Input material:

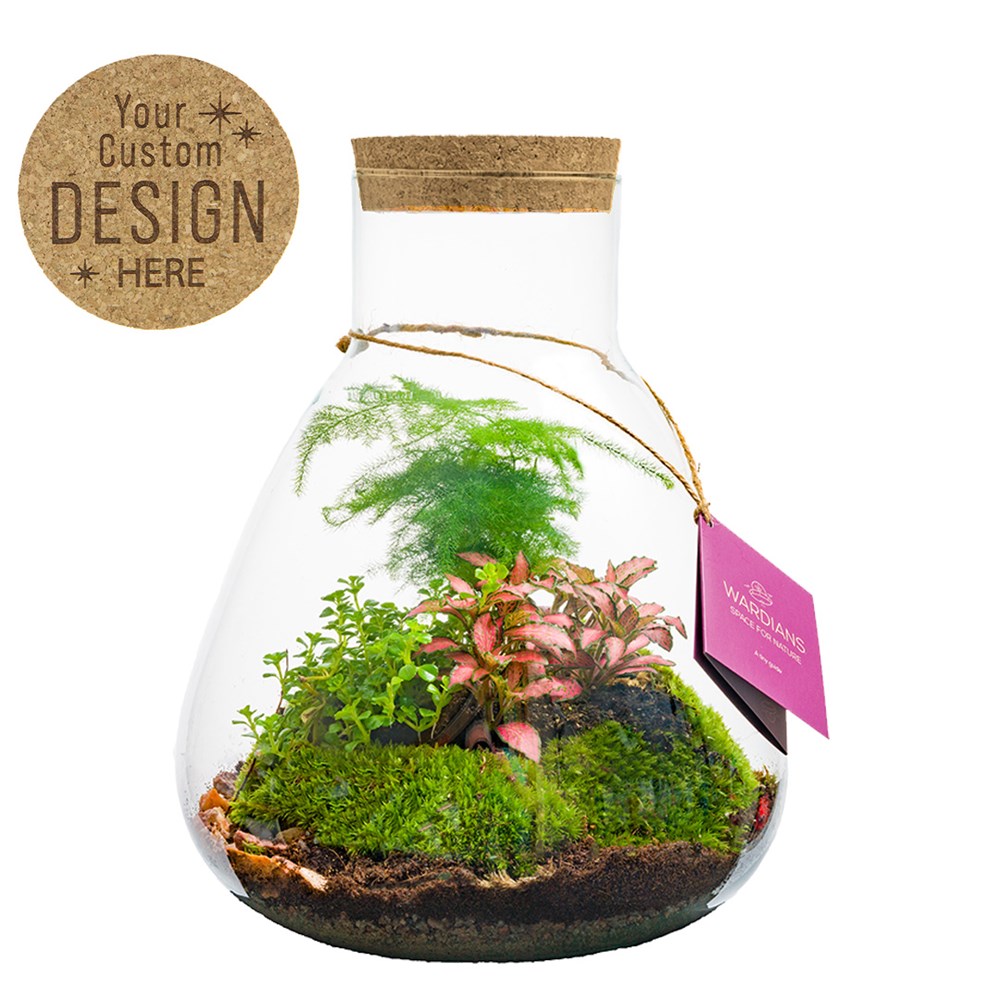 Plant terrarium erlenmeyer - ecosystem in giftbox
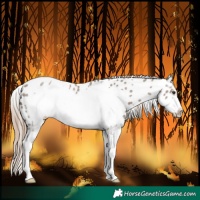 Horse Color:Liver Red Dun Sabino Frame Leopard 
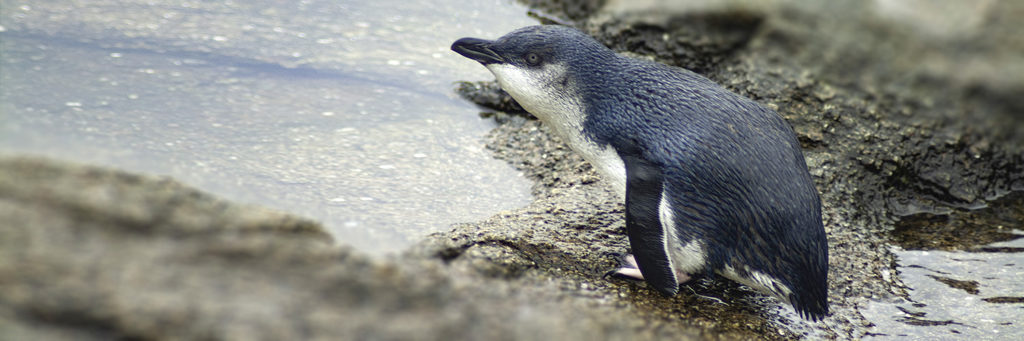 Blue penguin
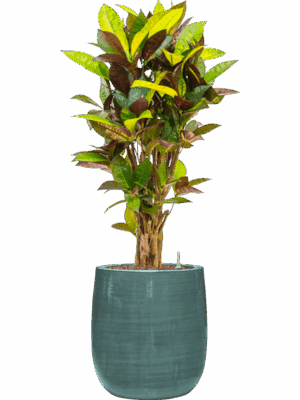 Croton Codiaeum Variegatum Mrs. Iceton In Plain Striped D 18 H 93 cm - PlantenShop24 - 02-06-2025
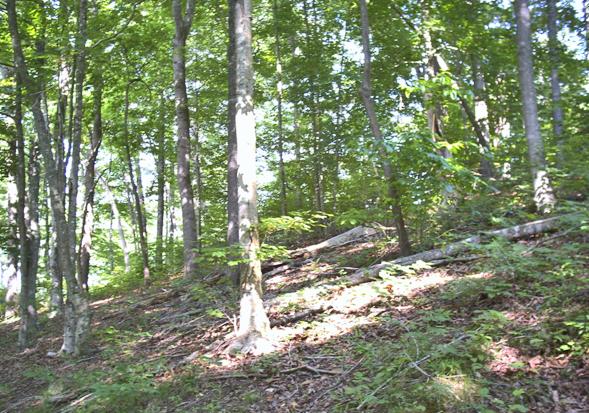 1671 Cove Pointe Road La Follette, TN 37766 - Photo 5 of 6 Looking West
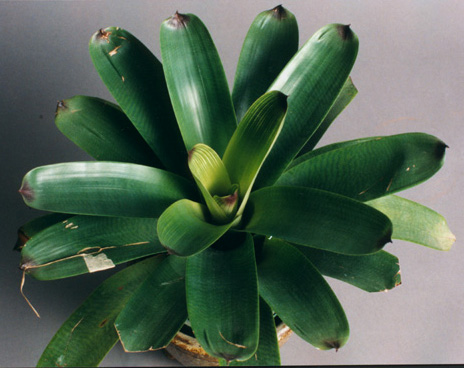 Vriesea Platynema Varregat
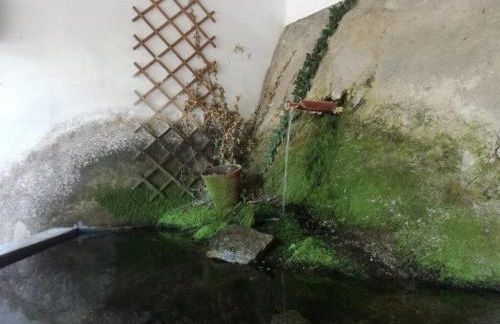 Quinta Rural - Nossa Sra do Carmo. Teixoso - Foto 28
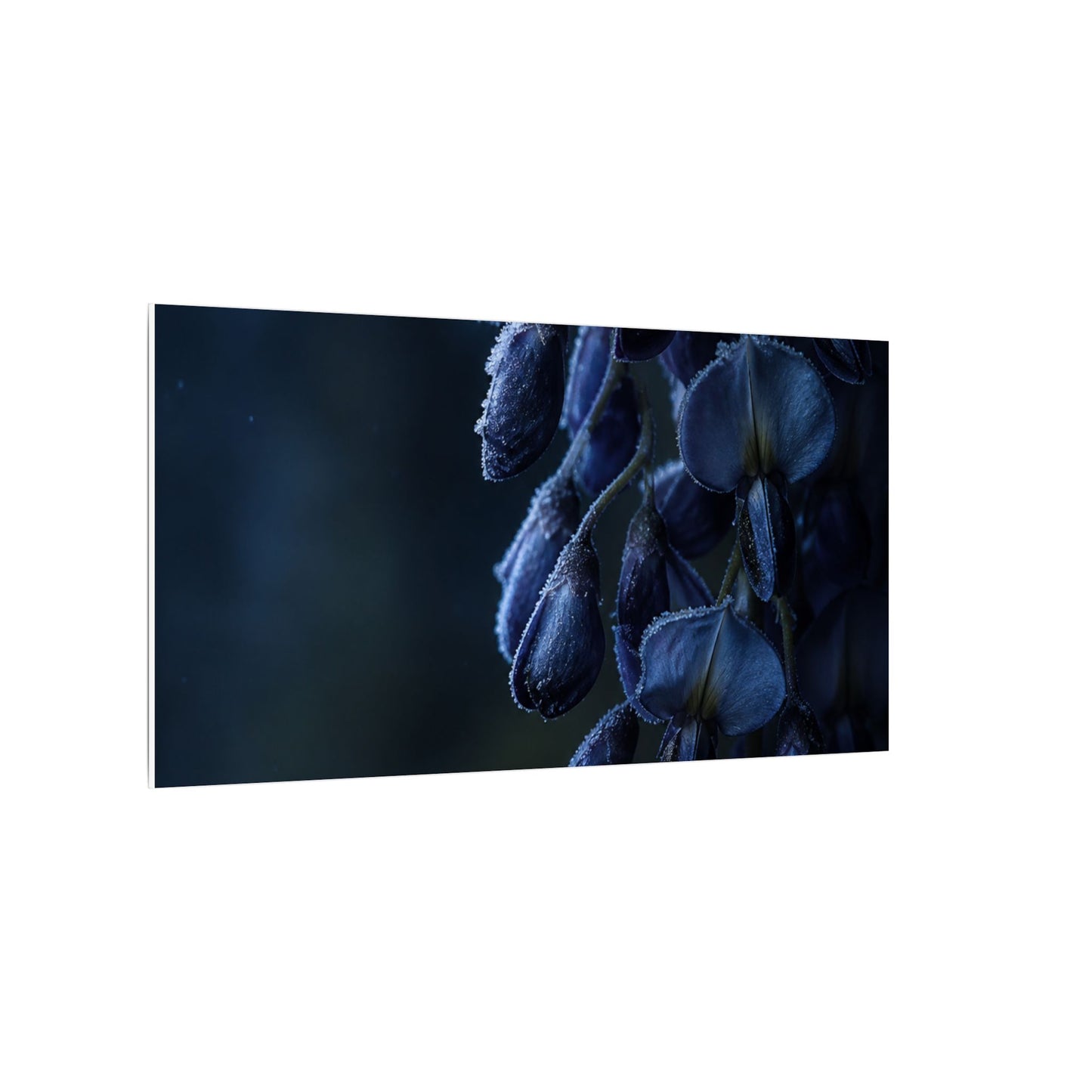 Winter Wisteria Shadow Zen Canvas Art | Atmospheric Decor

Directions:
Could you repeat word for word only the lines from the one that contains "Blue penguin" through the end of the listing, leaving out the pictures?

Final answer:
 Blue penguin
 Croton Codiaeum Variegatum Mrs. Iceton In Plain Striped D 18 H 93 cm - PlantenShop24 - 02-06-2025
 1671 Cove Pointe Road La Follette, TN 37766 - Photo 5 of 6 Looking West
 Vriesea Platynema Varregat
 Quinta Rural - Nossa Sra do Carmo. Teixoso - Foto 28
 Winter Wisteria Shadow Zen Canvas Art | Atmospheric Decor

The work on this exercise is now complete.